● **HOW TO COMPLETE THIS TASK**
For every line in the material, output its text exactly and exclude any image it holds.

+--

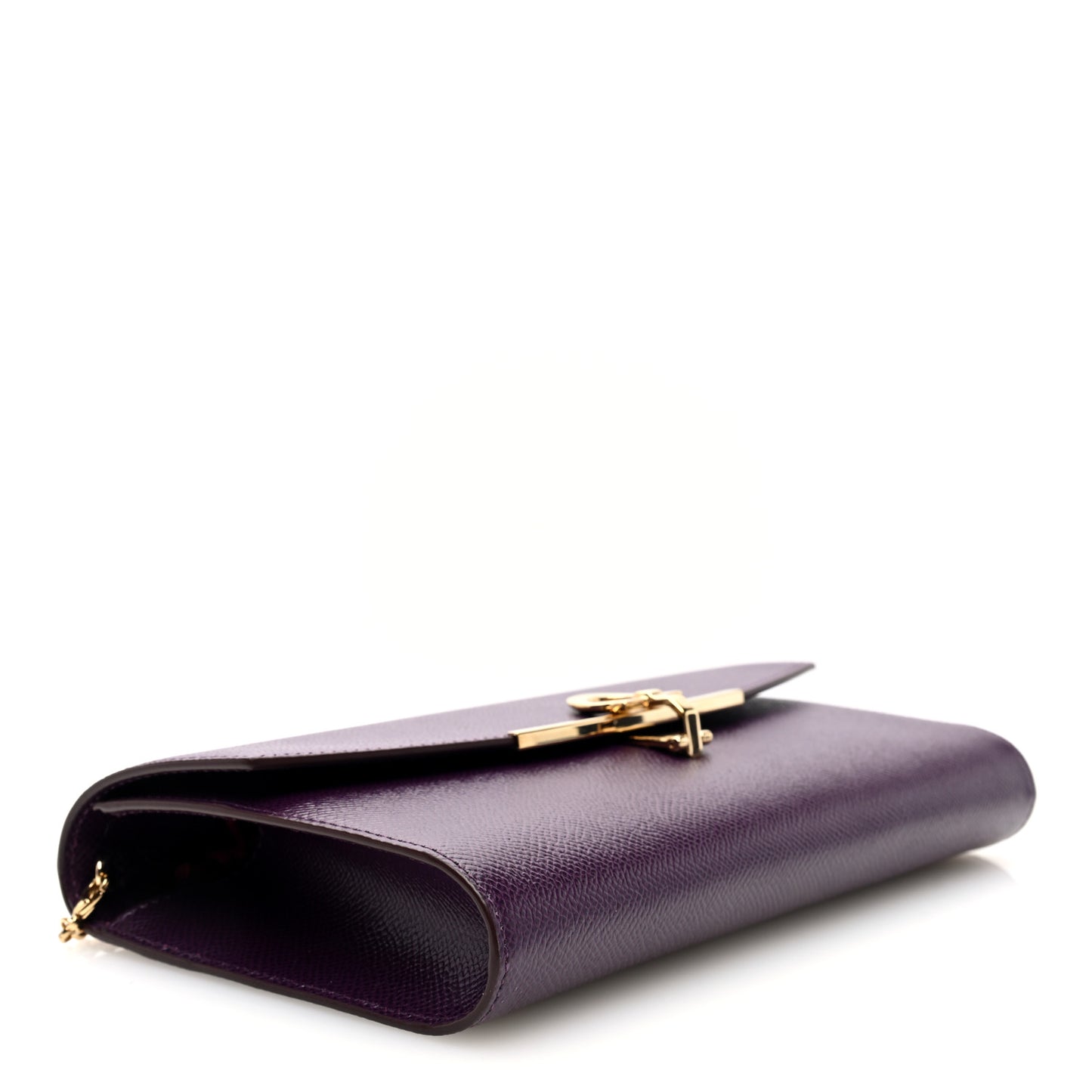 Hammered Calfskin Gancini Icona Mini Bag Blackberry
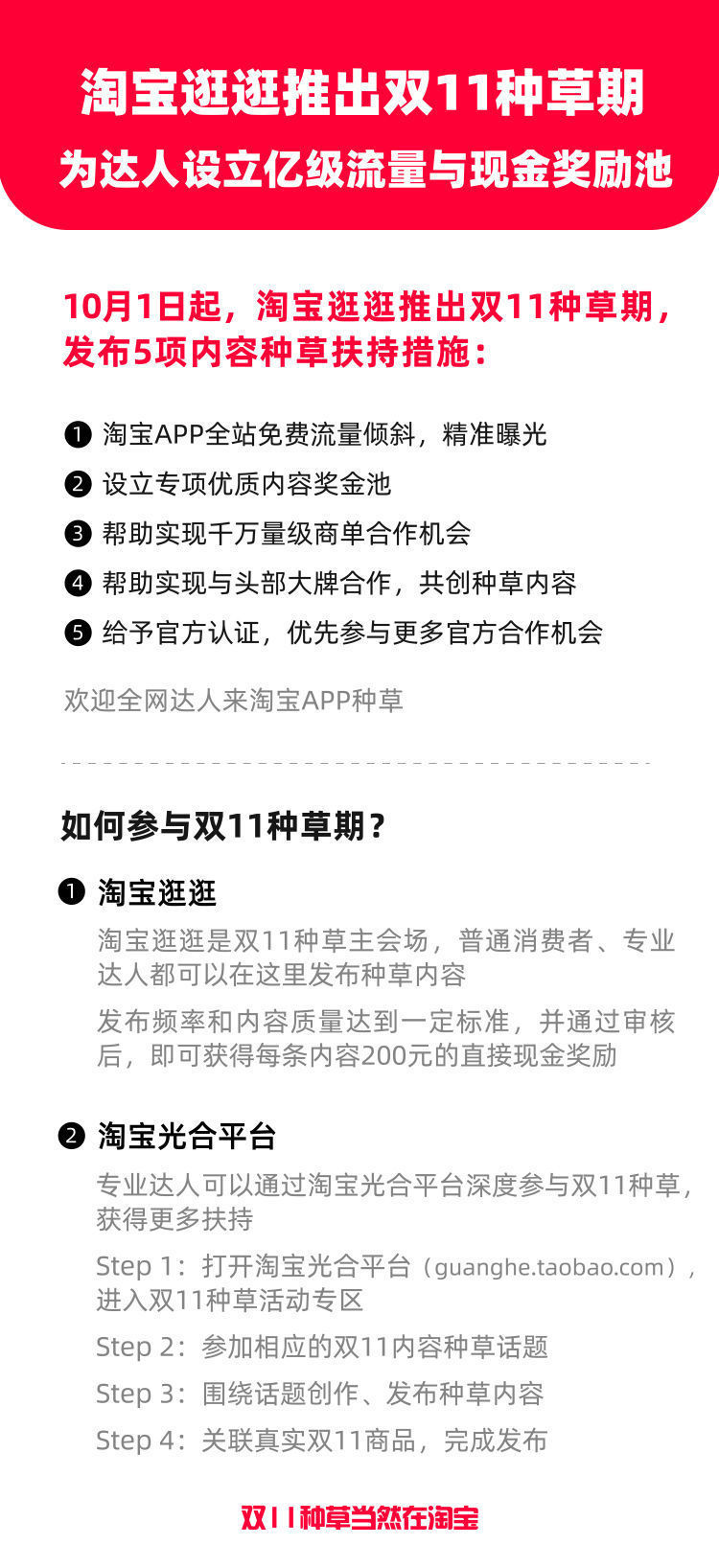 淘宝直播|淘宝逛逛推出双11种草期：平台出资源帮商家做内容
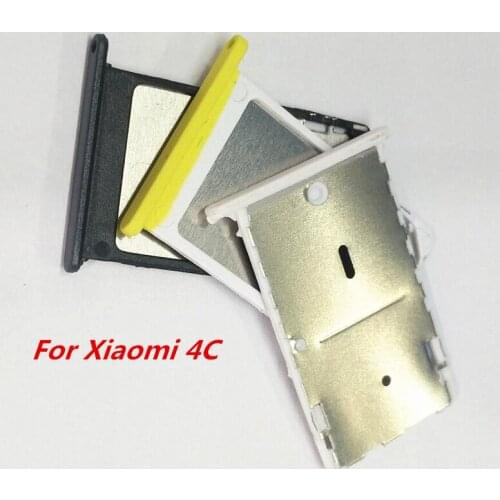 10PCS/Lot SIM Card Tray Holder Slot For Xiaomi 4C Mi4C Cellphone Replacement parts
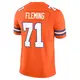 Limited Orange Men's Cam Fleming Denver Broncos Alternate Vapor F.U.S.E. Mile High Collection 1977 Throwback Jersey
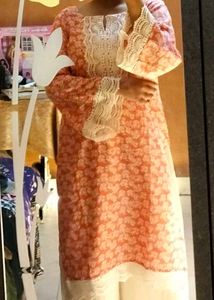 Pink Floral Kurta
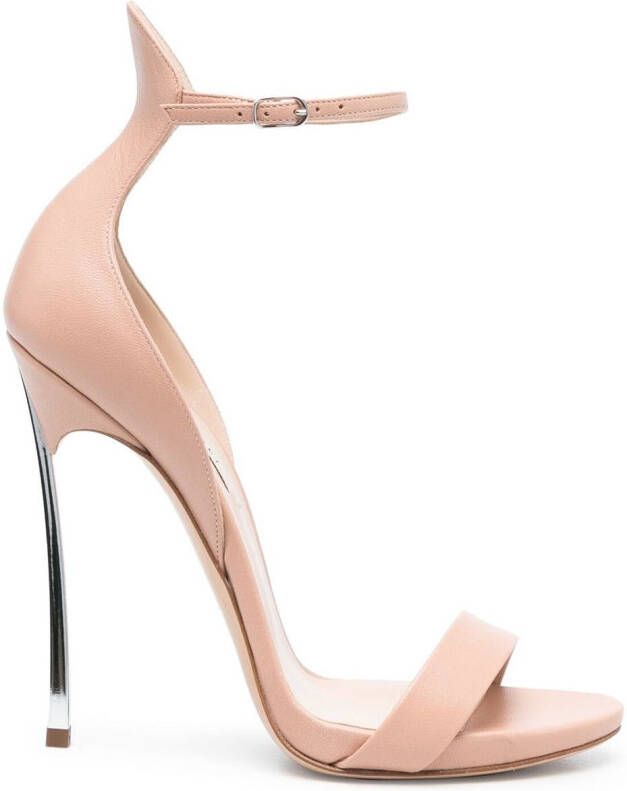 Casadei 115mm Cappa Blade sandals Neutrals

+--

● **SOLUTION TO THIS TASK**
 Hammered Calfskin Gancini Icona Mini Bag Blackberry
 淘宝直播|淘宝逛逛推出双11种草期：平台出资源帮商家做内容
 10PCS/Lot SIM Card Tray Holder Slot For Xiaomi 4C Mi4C Cellphone Replacement parts
 Limited Orange Men's Cam Fleming Denver Broncos Alternate Vapor F.U.S.E. Mile High Collection 1977 Throwback Jersey
 Pink Floral Kurta
 Casadei 115mm Cappa Blade sandals Neutrals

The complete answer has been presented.